Velo3D surges 15% on defense momentum despite weak Q4 results
3D printing company guides to 30-50% FY26 revenue growth on $50M+ defense contracts and cash infusion
Velo3D shares rallied 15% on Wednesday after the 3D printing manufacturer posted weak fourth-quarter results but offered investors a bullish outlook for 2026, fueled by a growing pipeline of defense contracts and a fresh $30 million capital injection.
The company reported fourth-quarter revenue of $9.4 million, down 25% from the prior year, with earnings per share of negative 54 cents, matching analyst expectations. However, gross margins plunged to negative 73.6% following a $7 million inventory write-down, underscoring the company's near-term operational challenges.
Despite the disappointing quarterly figures, investors focused on Velo3D's forward guidance, projecting fiscal 2026 revenue of $60 million to $70 million, representing growth of 30% to 50% compared to 2025 levels. Management indicated the company is on track to achieve positive EBITDA in the second half of 2026, a critical milestone for the unprofitable manufacturer.
The optimistic outlook hinges on Velo3D's expanding footprint in the defense sector, where the company has secured contracts totaling more than $50 million. In December, Velo3D announced a major contract worth $32.6 million with the U.S. Department of War's Defense Innovation Unit to address manufacturing bottlenecks for a critical weapon system program. Earlier in August, the company entered a $6 million agreement with the U.S. Navy to develop and qualify copper-nickel alloy for the Maritime Industrial Base Program.
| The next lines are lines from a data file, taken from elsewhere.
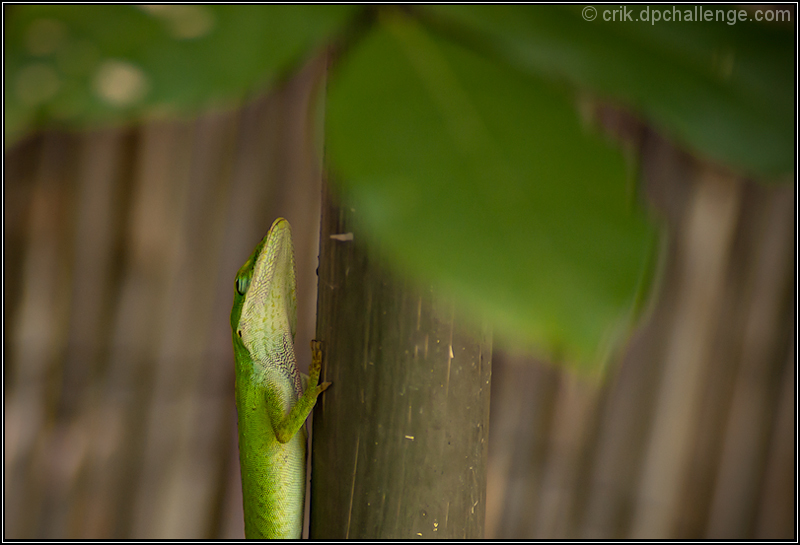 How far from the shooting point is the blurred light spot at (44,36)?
11cm

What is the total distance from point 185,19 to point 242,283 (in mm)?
837

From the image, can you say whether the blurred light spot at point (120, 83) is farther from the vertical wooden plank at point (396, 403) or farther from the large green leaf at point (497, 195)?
the vertical wooden plank at point (396, 403)

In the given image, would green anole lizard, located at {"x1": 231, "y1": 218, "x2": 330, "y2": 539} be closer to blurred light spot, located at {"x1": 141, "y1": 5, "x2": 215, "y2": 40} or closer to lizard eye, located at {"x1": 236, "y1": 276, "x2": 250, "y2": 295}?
lizard eye, located at {"x1": 236, "y1": 276, "x2": 250, "y2": 295}

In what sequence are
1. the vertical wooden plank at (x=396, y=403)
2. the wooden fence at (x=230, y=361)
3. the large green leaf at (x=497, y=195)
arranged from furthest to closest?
the wooden fence at (x=230, y=361), the vertical wooden plank at (x=396, y=403), the large green leaf at (x=497, y=195)

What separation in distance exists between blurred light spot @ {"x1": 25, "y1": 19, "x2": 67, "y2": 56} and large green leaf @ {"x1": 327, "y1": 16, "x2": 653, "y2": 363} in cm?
6

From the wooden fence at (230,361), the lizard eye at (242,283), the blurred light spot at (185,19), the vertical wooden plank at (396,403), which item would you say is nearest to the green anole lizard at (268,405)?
the lizard eye at (242,283)

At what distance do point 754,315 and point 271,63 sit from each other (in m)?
1.63

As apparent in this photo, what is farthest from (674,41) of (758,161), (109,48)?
(109,48)

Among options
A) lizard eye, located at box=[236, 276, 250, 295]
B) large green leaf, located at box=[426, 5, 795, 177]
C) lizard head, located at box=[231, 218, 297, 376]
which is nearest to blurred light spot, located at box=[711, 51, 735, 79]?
large green leaf, located at box=[426, 5, 795, 177]

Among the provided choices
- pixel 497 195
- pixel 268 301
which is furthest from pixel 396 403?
pixel 268 301

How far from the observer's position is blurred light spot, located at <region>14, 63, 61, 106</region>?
11 centimetres

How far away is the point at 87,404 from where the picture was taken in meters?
1.22

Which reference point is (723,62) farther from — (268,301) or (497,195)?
(268,301)

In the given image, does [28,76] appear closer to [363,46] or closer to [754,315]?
[363,46] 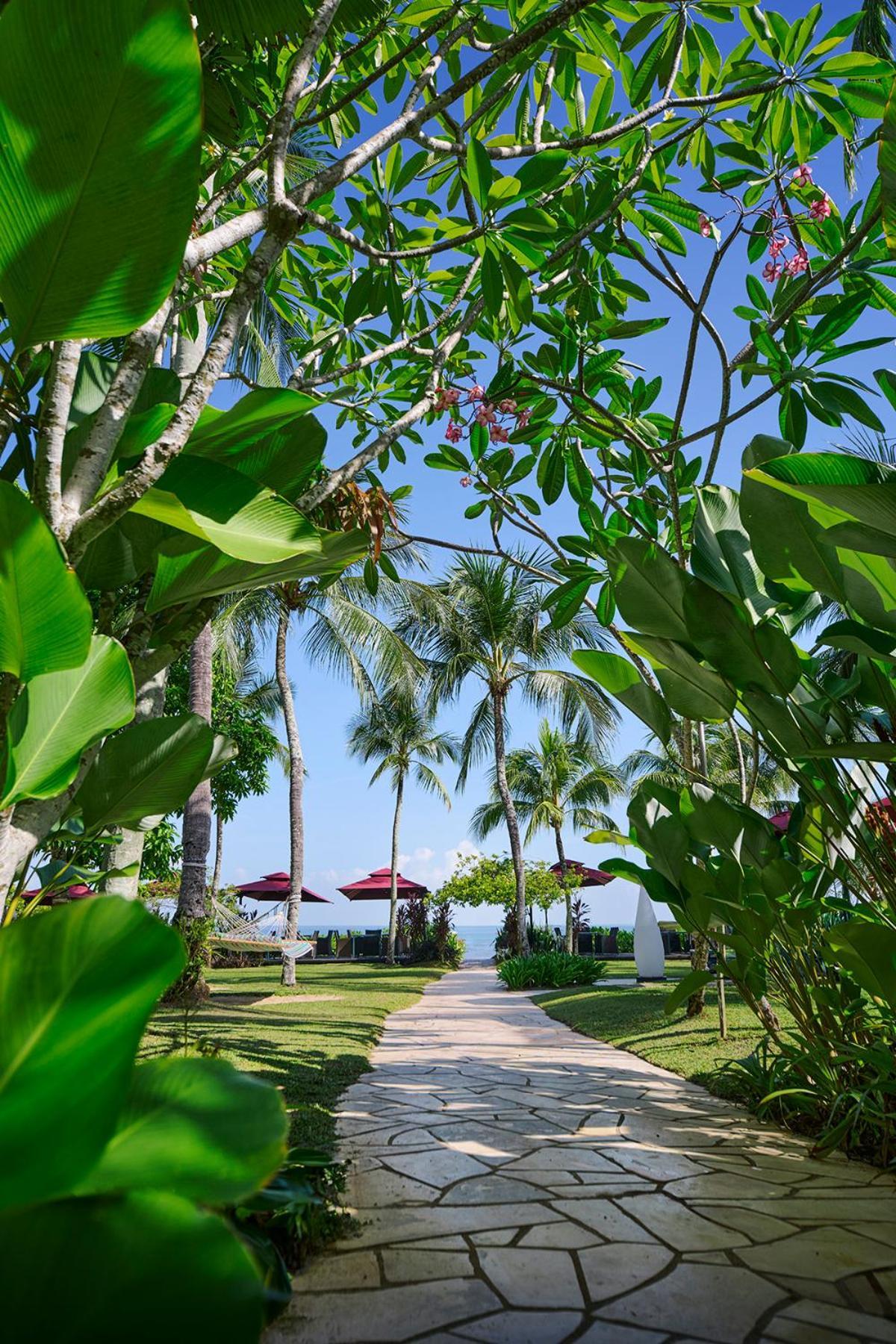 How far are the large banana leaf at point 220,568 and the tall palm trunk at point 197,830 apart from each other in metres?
7.15

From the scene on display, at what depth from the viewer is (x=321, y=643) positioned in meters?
15.1

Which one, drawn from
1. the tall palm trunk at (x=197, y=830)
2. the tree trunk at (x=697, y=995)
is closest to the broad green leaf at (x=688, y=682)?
the tree trunk at (x=697, y=995)

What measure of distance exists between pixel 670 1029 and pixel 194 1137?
616 cm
In February, Velo3D further strengthened its defense credentials with an $11.5 million multi-year production agreement with a major U.S. defense contractor and became the first additive manufacturing provider qualified to support the U.S. Army's Ground Vehicle Systems Center.
The strategic shift toward defense contracts has been accompanied by a significant financial restructuring. Velo3D completed a $30 million private placement in December, bolstering its cash position to $39 million from just $1.2 million previously. The capital raise provides the company with sufficient liquidity to execute on its growth strategy and meet demand from the defense and aerospace sectors.
"These defense-related agreements represent a validation of our technology's critical role in national security manufacturing," said Benny Buller, Velo3D's chief executive. "The capital raise ensures we have the resources to scale our operations and meet the growing requirements from our government and defense contractor partners."
The market's positive reaction highlights a classic case of investors looking past current operational pain points to focus on potential future catalysts. Velo3D's fourth-quarter results reflect the challenges of scaling a specialized manufacturing technology in a competitive environment, but the defense contracts provide a clearer path to revenue growth and eventual profitability.
Analysts remain cautious about the turnaround. The stock currently trades with a price-to-sales ratio of 5.9 times trailing revenue, reflecting high expectations despite the company's negative EBITDA of $52.7 million over the past year. One analyst covering the stock maintains a buy rating with a target price of $6.00, according to market data.
Velo3D's high beta of 2.14 indicates significant volatility, and the stock has traded in a wide 52-week range between $1.43 and $23.84, reflecting the market's evolving view of the company's prospects. The recent rally brings the shares back toward levels not seen since the company uplisted to the Nasdaq Capital Market in August 2025 alongside a $17.5 million public offering.
Investors will be watching closely in coming quarters for evidence that the defense contracts translate into actual revenue and that the company can stabilize margins following the inventory write-down. The path to EBITDA positivity in the second half of 2026 will serve as a critical test of management's turnaround strategy and validation of the market's current enthusiasm.